(Data excerpts)
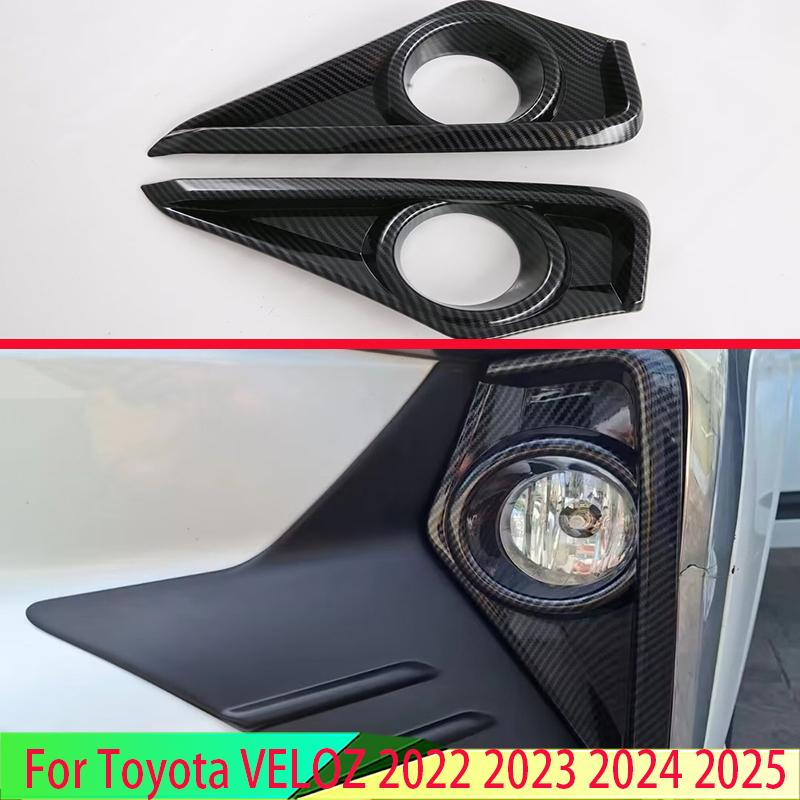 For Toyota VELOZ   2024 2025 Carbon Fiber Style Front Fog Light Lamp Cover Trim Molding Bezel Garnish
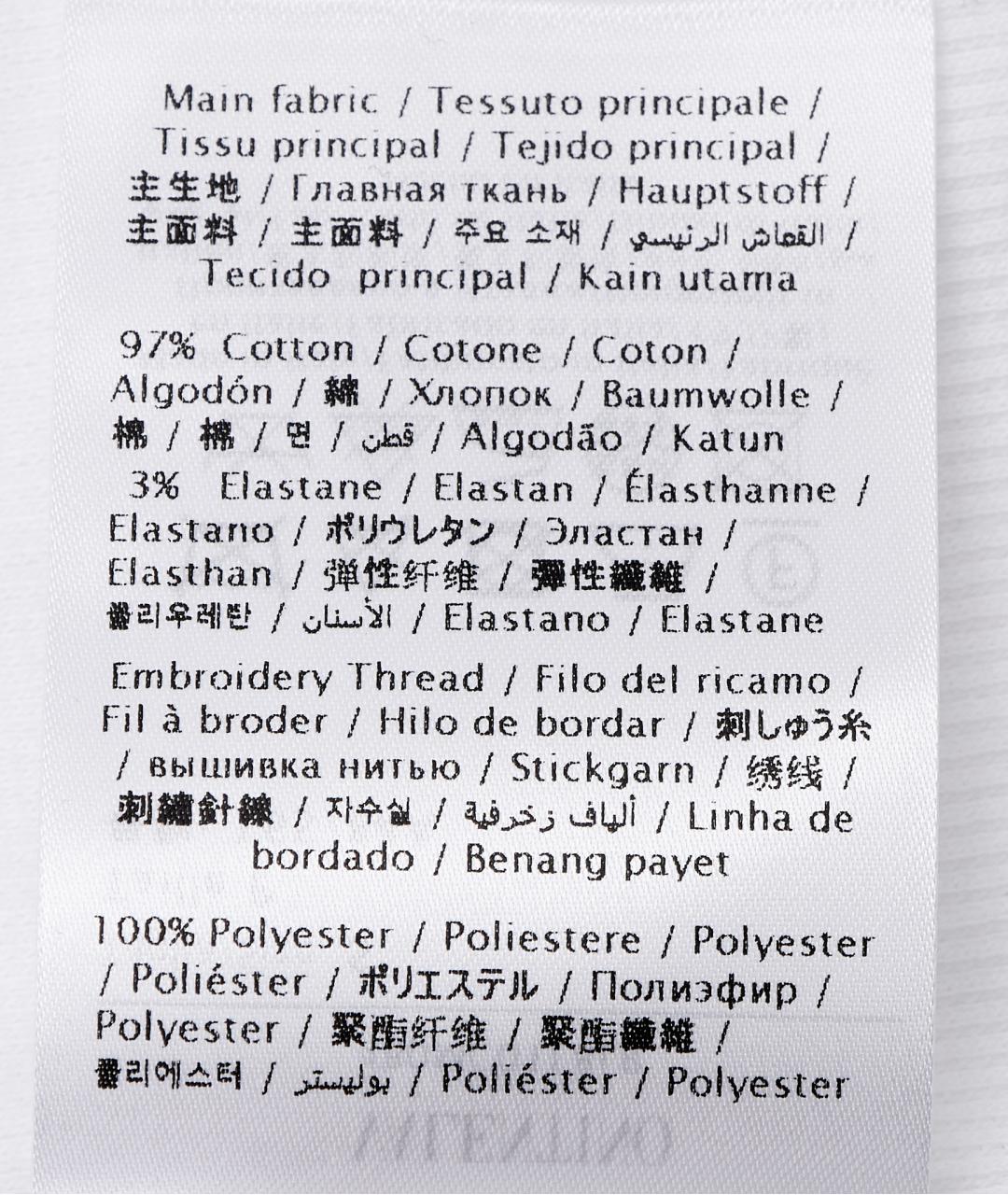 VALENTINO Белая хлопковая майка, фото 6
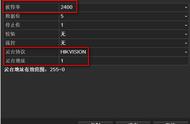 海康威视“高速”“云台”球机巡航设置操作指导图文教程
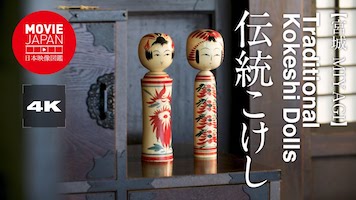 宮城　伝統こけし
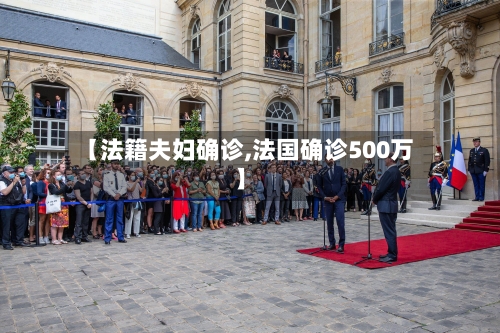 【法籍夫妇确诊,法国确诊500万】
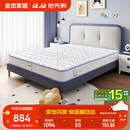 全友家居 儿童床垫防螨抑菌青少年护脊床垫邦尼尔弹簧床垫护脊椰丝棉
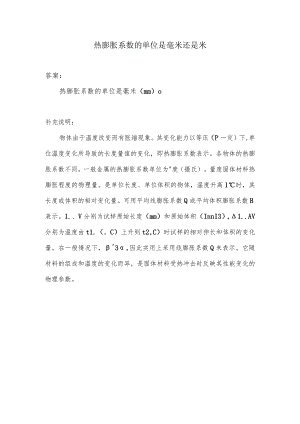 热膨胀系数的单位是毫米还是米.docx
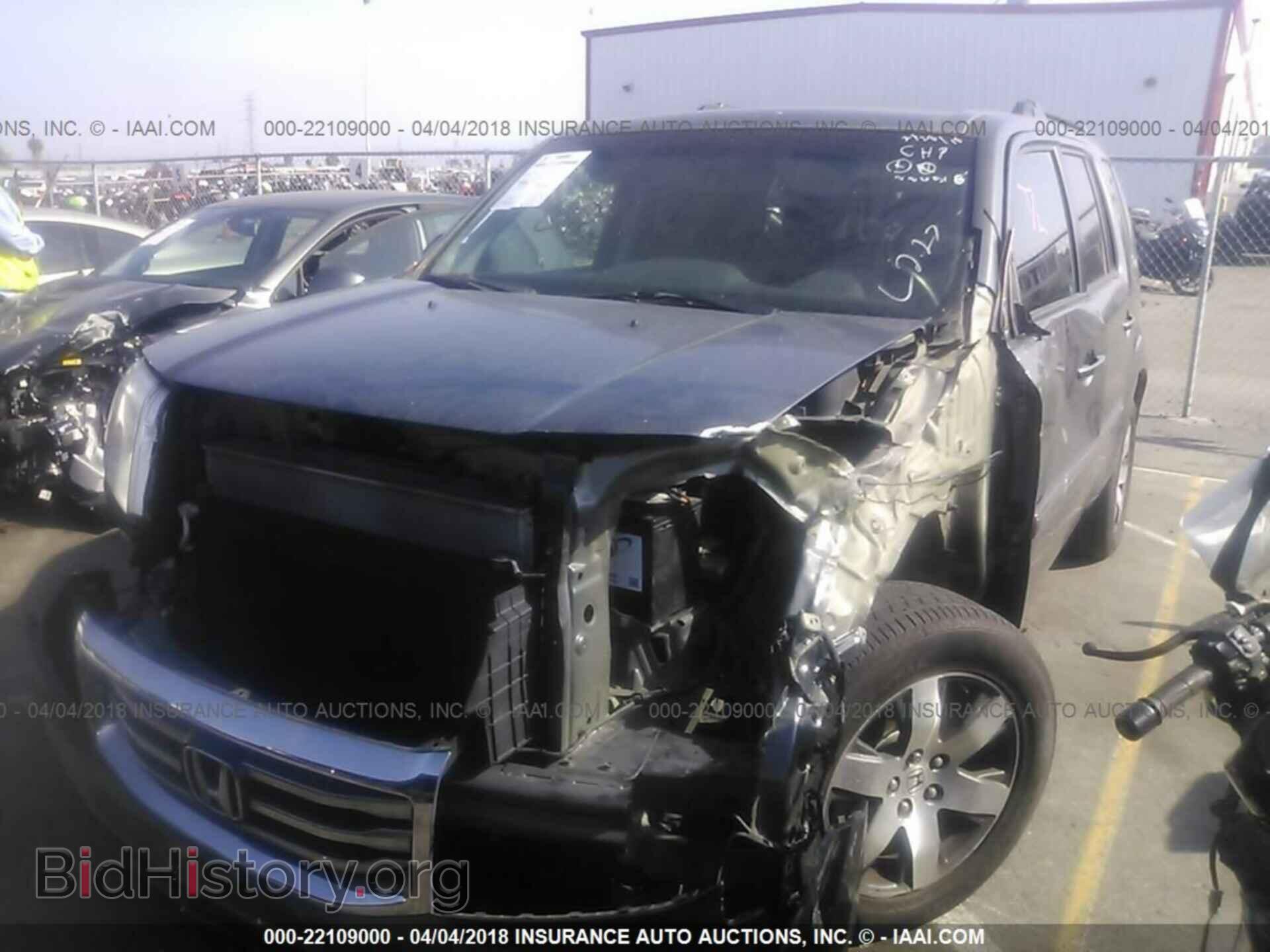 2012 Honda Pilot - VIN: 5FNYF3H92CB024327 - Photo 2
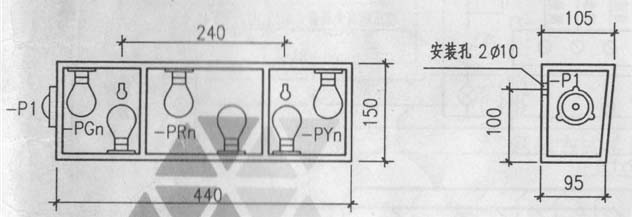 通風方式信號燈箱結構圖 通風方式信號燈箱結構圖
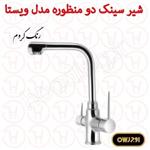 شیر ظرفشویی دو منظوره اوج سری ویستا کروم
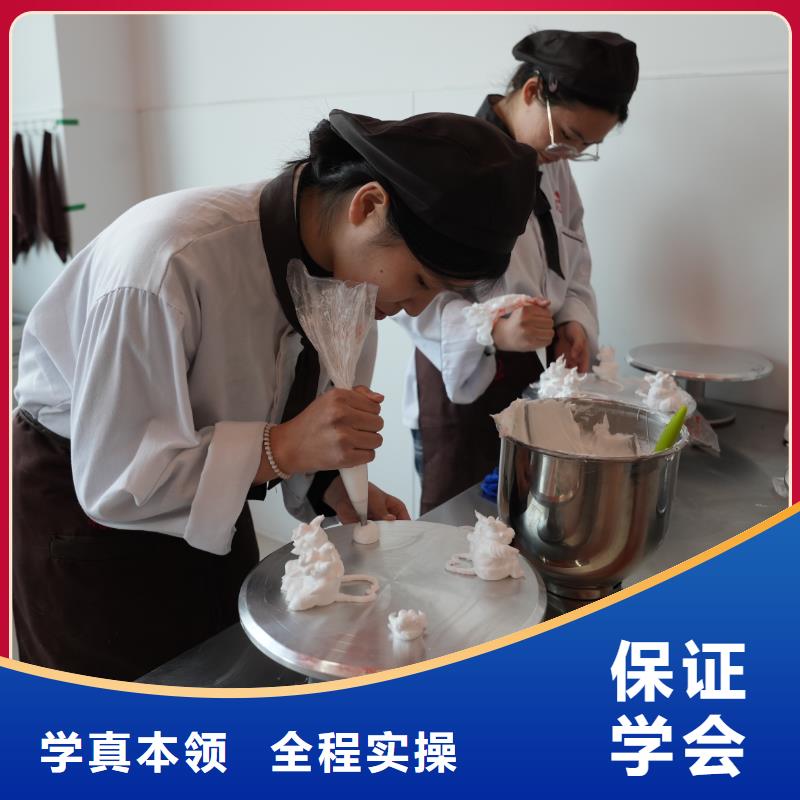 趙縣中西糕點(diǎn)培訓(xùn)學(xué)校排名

* * *

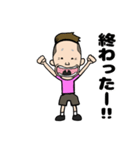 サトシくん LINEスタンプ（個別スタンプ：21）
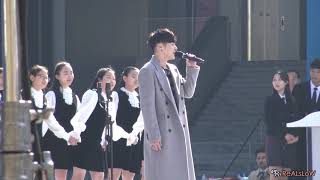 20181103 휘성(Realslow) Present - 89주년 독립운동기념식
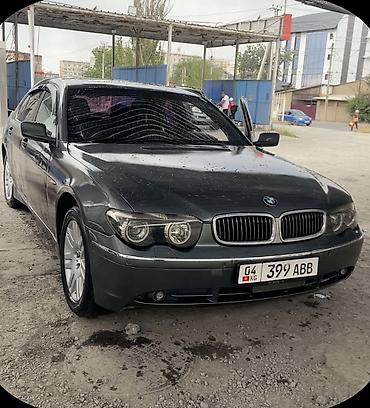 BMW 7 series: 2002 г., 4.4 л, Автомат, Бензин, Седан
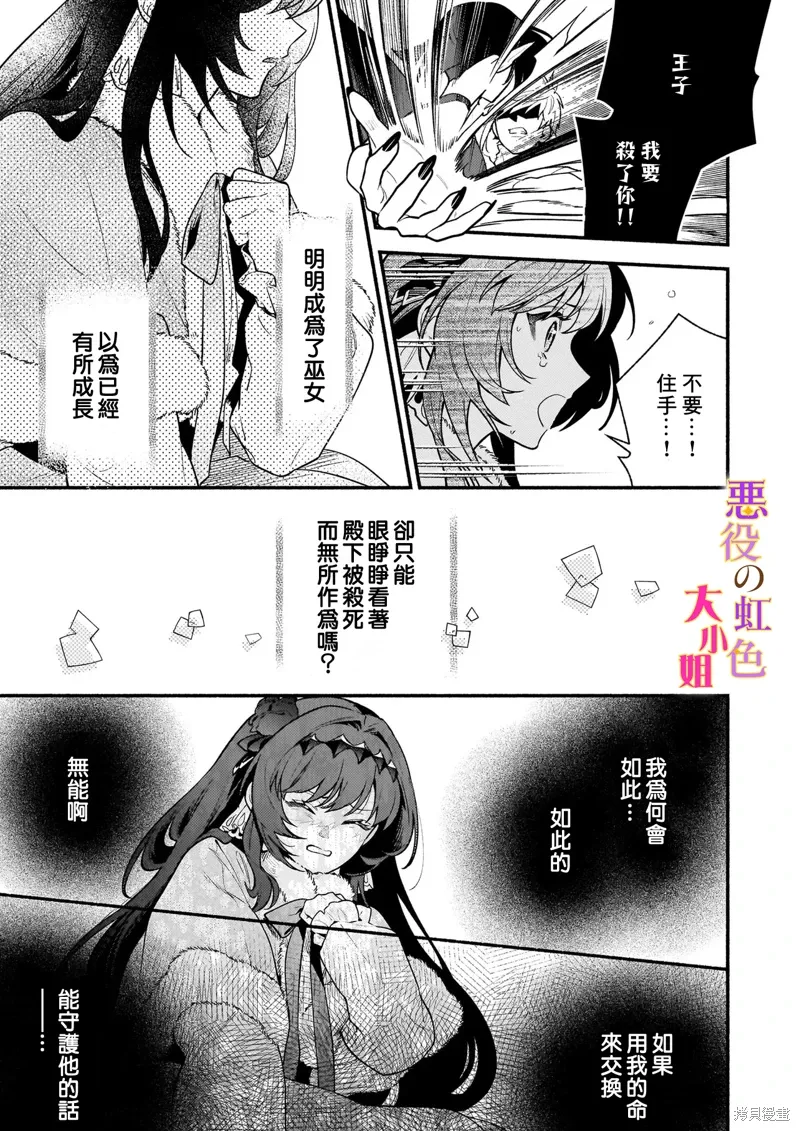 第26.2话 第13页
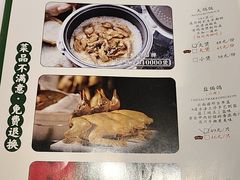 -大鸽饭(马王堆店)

* * *

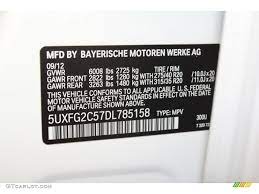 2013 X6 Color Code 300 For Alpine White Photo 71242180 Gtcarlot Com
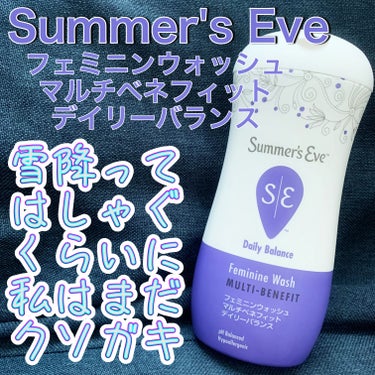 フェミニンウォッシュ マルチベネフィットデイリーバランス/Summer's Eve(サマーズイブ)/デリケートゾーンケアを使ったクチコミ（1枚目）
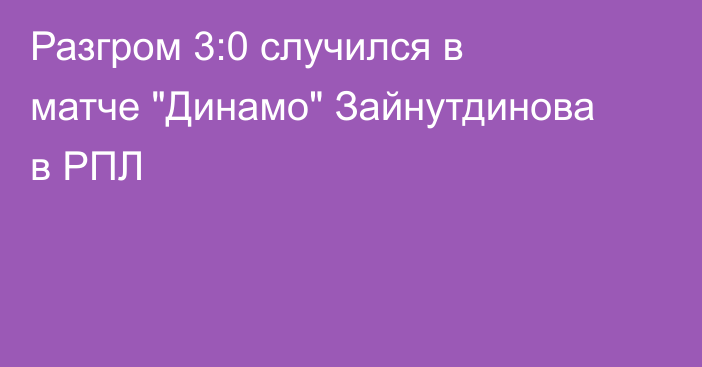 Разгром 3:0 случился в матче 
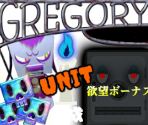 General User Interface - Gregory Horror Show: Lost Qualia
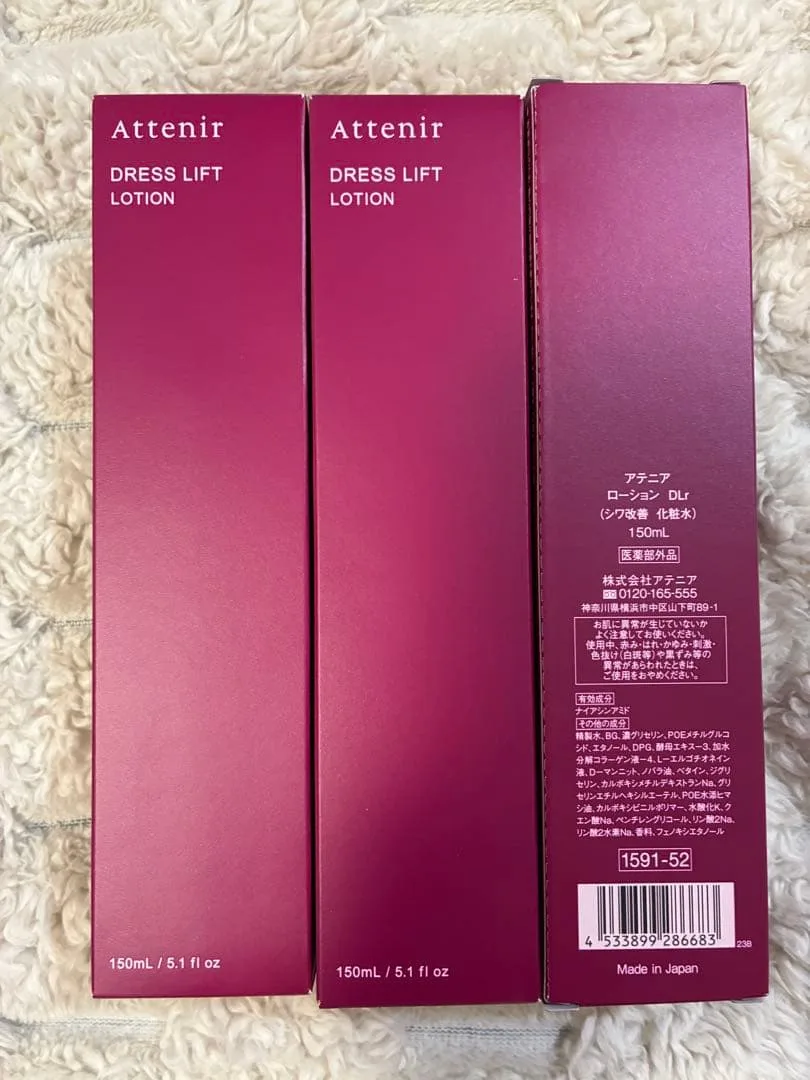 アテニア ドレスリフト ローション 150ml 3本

= REQUIREMENT =
Return, exactly as they stand, the lines above from the one with "شیر ظرفشویی دو منظوره اوج سری ویستا کروم" to the one with "趙縣中西糕點(diǎn)培訓(xùn)學(xué)校排名", omitting any pictures among them.

= RESULT OF THE EXERCISE =
 شیر ظرفشویی دو منظوره اوج سری ویستا کروم
 趙縣中西糕點(diǎn)培訓(xùn)學(xué)校排名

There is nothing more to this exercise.